De la unidad del género humano

De lo que un hombre, por su naturaleza, es capaz, cualquiera lo es.

Pues todos tenemos la misma naturaleza humana.


De la unidad, por la naturaleza, del género humano en Adán, se desprende que todos podemos, como él, desobedecer a Dios.

De la unidad, por la Gracia Santificante, en Cristo, en su Cuerpo, todos podemos realizar acciones sobrenaturales meritorias de Gloria, con Él, por Él, y en Él. Como Él.

Antes de la redención de Cristo el ser humano no era capaz de vida sobrenatural meritoria de Gloria. Estaba inhabilitado para ello, enemistado con Dios.

De ese estado era preciso salir de tal manera que lo que hiciera un hombre, pudiera hacerlo todo hombre. De forma que todos, y no unos cuantos, pudieran tener acceso posible a la nueva habilitación. Para que todo hombre fuera capaz de Gloria, uno debía serlo.

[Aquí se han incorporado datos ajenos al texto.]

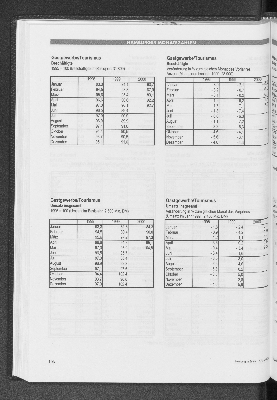 Vorschaubild Seite 106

He aquí, entonces, que Dios nos envía a su Hijo para que haga, por nosotros, lo que necesitábamos que hiciera un hombre para poder hacerlo todos. Más era de tal magnitud la empresa, que ningún hombre podía hacerlo. Así, Jesús, en cuanto Dios y Hombre, pudo hacer lo que debía hacer un hombre, pero sólo podía hacer Dios.